Some suits were expanded to include other manufacturers of hormone replacement therapy drugs, including Pfizer Inc., Bristol-Myers Squibb Co. and Barr Pharmaceuticals Inc., based on court filings. Pfizer spokesman Bryant Haskins and Bristol-Myers spokesman Jeff MacDonald declined to comment. Barr spokeswoman Carol Cox called the cases “without merit” and said they may not involve Barr products.
Among the first cases to go to court will be that of a 67-year-old Ohio woman who allegedly contracted breast cancer and needed a double mastectomy after taking Wyeth’s Prempro for six years, attorney Millrood said. Plaintiffs are asking to be reimbursed for years of medical treatment, breast cancer surgery, lost wages and pain and suffering, he said. In some cases users died of breast cancer.
The lawsuits started after a study sponsored by the National Institutes of Health found that women getting a combination of estrogen and progestin as found in Prempro had a 24% higher risk of invasive breast cancer. In an average year, that would mean an additional eight cases for every 10,000 women, according to the NIH’s website.
Prempro sales plummeted 82% following the NIH report, according to data provider Verispan, based in Yardley, Pa.
Wyeth conducted more than 300 studies in which women were given mammograms and monitored for breast cancer risk, said Heidi Hubbard, an outside attorney representing Wyeth.
“The risk is actually lower than the risk of getting a brain hemorrhage from aspirin,” Hubbard said in a phone interview. Studies showed that Prempro increased a 50-year-old woman’s risk of developing breast cancer over 10 years to 2.48% from 2%, she said.
Lawyers for users of the hormone-replacement drugs are likely to focus on claims that Wyeth inappropriately promoted the products and failed to properly warn women of their risk, said Dan Cahoy, an assistant professor of business law at Penn State University, who isn’t involved in the litigation.
Wyeth spent $34.8 million in 2000 advertising Prempro as a treatment for post-menopausal women, according to Nielsen Monitor-Plus. The promotions used celebrities to warn of the consequences of not taking Prempro during menopause.

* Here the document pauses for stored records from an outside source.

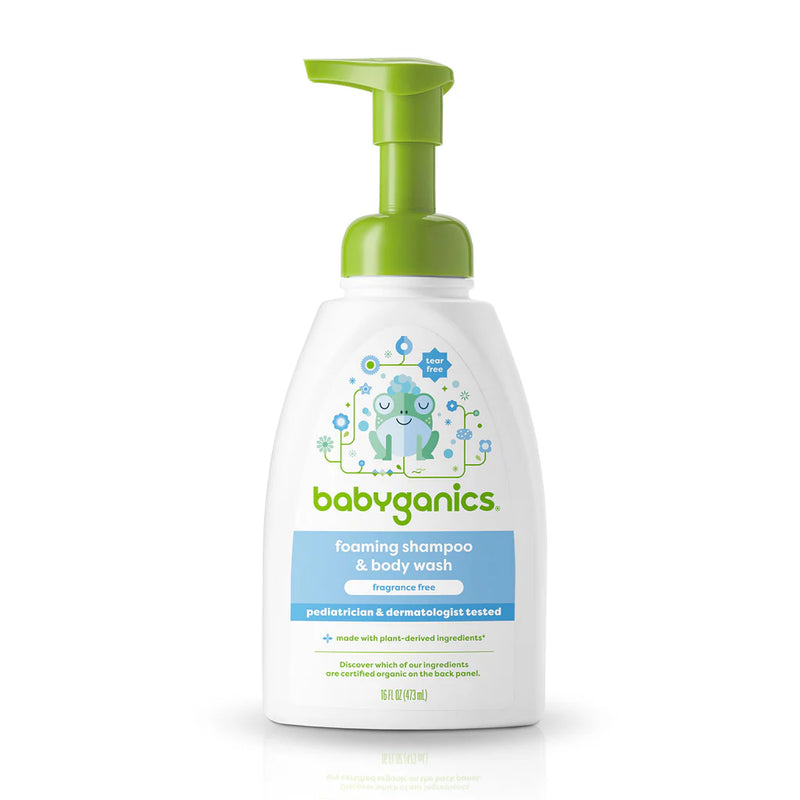 Babyganics foaming shampoo + body wash, fragrance free 473ml-1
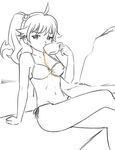  ahoge araragi_karen between_breasts bikini breasts crossed_legs cup greyscale hadoolket long_hair monochrome monogatari_(series) navel side-tie_bikini side_ponytail sitting small_breasts solo spilling swimsuit teacup 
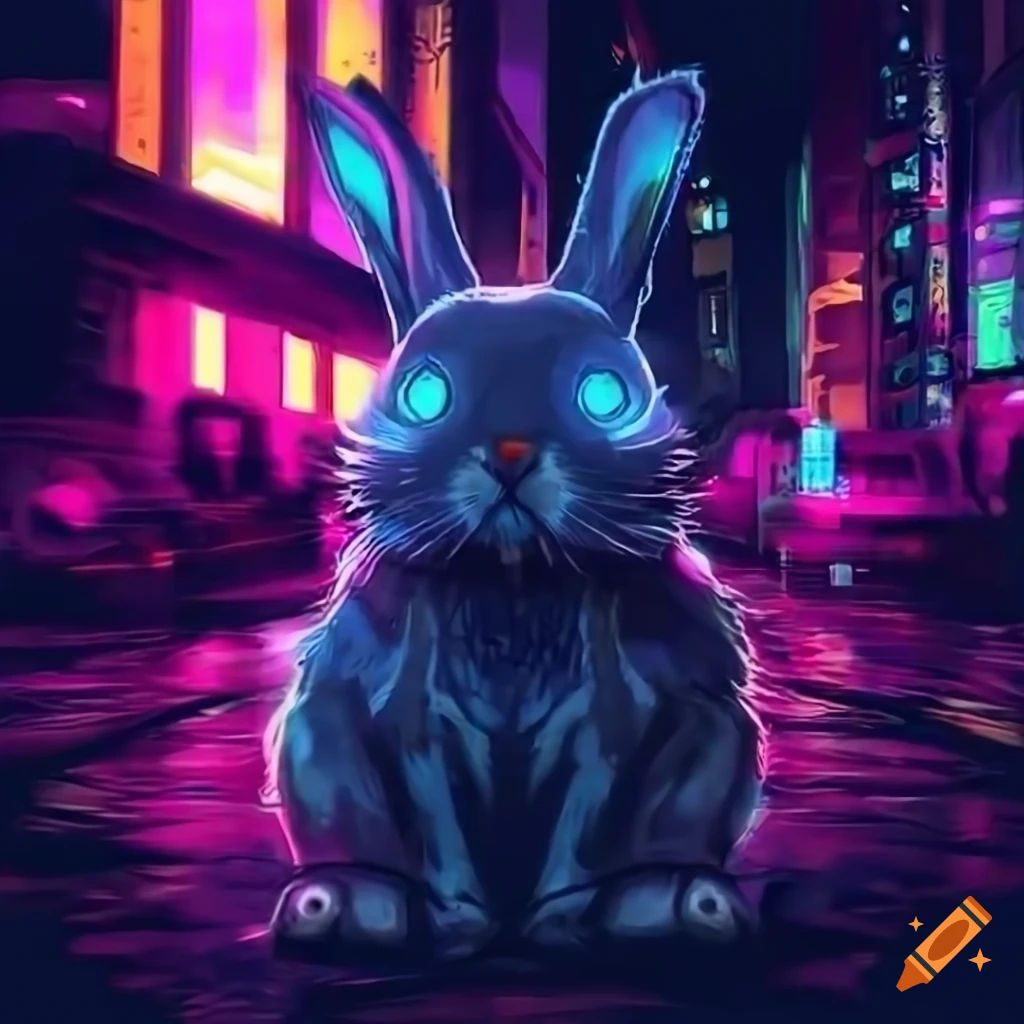 Wallpaper #qa3MMZMBKf019FdaUxGB136 Cyberpunk Rabbit in a City on Craiyon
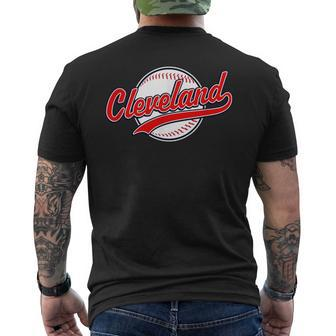 Cleveland Vintage Baseball Throwback Retro Men's T-shirt Back Print - Monsterry CA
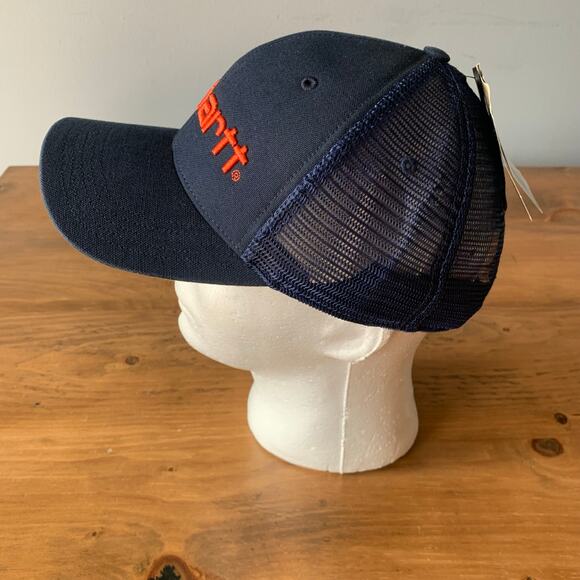 Carhartt Blue Mesh Trucker Snap Back Cap Hat One Size Adjustable New - Picture 7 of 9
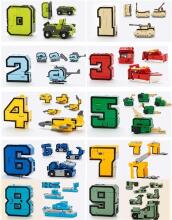 OBEST Number Robot Transformer Toy, 15 Digital Symbols Transform Tank/Helicopter/Submarine Assembled, Educational Building Blocks Set for Children, Educational Learning Gift Tobots Transforme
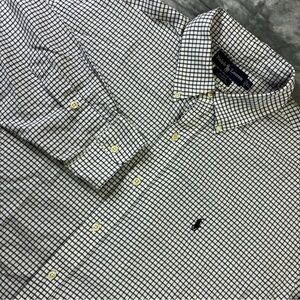 Ralph Lauren Blake 100% Cotton Shirt Mens XL White Blue Plaid Long Sleeve Pony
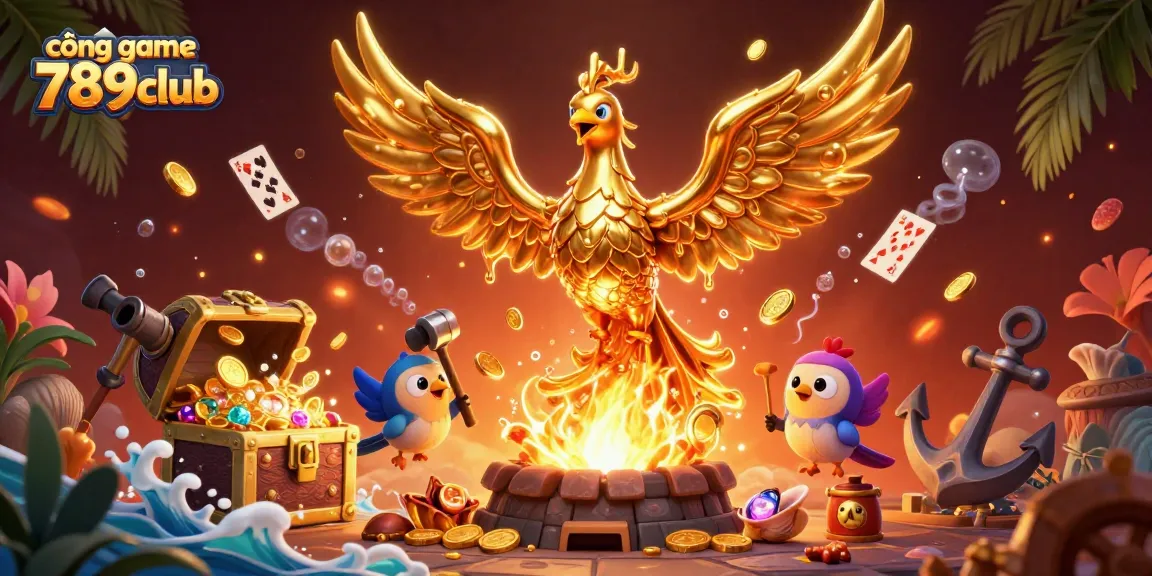 Experience the excitement of cổng game 789club with vibrant 3D action illustrating golden treasures and lively casino elements.
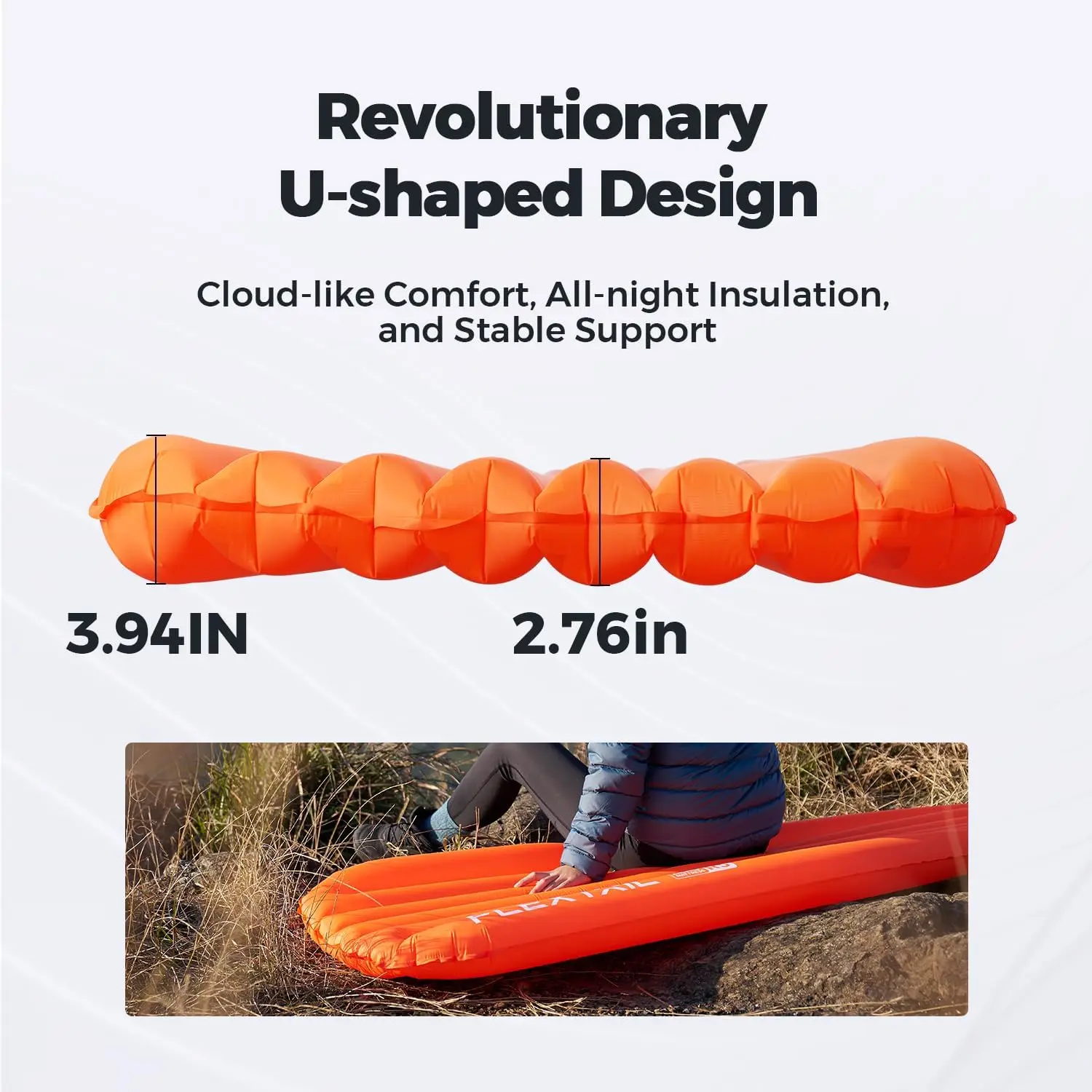 Inflatable Sleeping Pad With 5R Value – Ultralight 2.8 H Camping Mattress, 4 Seasons Compact Bapaing Gear Essentials For 3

Wyeth said it would be hard for plaintiffs to prove that any one case of breast cancer was caused by its products. People suing Merck & Co. have similarly found it difficult to show that the painkiller Vioxx caused their heart attacks. Merck withdrew the product in 2004, after a company study linked Vioxx to an elevated risk of heart attacks and strokes.
Lawyers pressing claims over Prempro and Premarin may benefit from years of adverse publicity over Wyeth’s handling of fen-phen. Wyeth withdrew the medicines, sold as Pondimin and Redux, in 1997 after researchers found they damaged some users’ hearts and left others with an often fatal lung disorder.
Wyeth has faced more than 175,000 fen-phen claims since withdrawing the drugs, plaintiffs’ lawyers say. Over the last nine years, the company has settled many of the claims without forcing former users to file suit, said Charles Parker, a Houston lawyer who represented fen-phen claimants who have settled their cases.
“I think because of all the attention paid to fen-phen, juries are certainly more willing to question drug makers’ actions than they were nine or 10 years ago,” Parker said. “This could hurt Wyeth in these Prempro and Premarin cases.”
Wyeth’s lawyers contend that the litigation over the hormone-replacement drugs involves a much smaller number of suits than were filed by former fen-phen users.